Data section: Begin

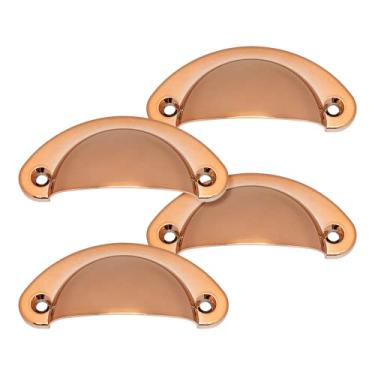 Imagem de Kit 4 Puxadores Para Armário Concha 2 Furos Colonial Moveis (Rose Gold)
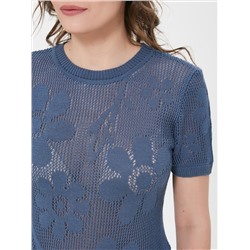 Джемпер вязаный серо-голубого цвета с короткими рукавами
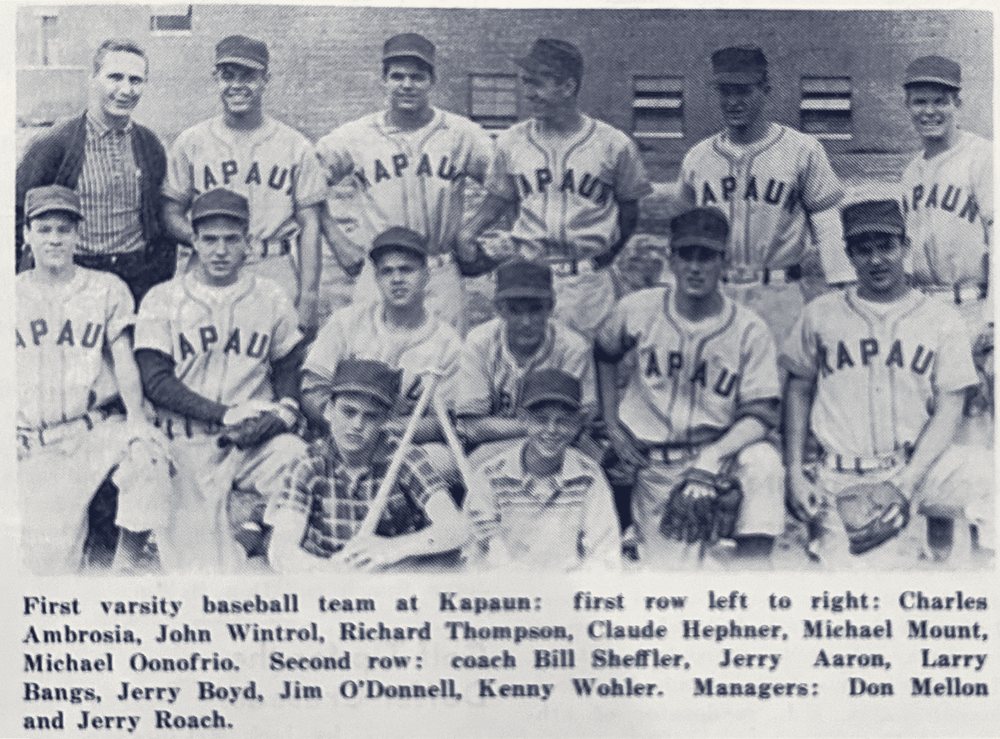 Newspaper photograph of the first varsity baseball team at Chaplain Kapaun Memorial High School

Data section: End

What needs to be done => The entire listing above, minus its pictures, should be copied out exactly.

Exercise answer =>
 Imagem de Kit 4 Puxadores Para Armário Concha 2 Furos Colonial Moveis (Rose Gold)
 Джемпер вязаный серо-голубого цвета с короткими рукавами
 Newspaper photograph of the first varsity baseball team at Chaplain Kapaun Memorial High School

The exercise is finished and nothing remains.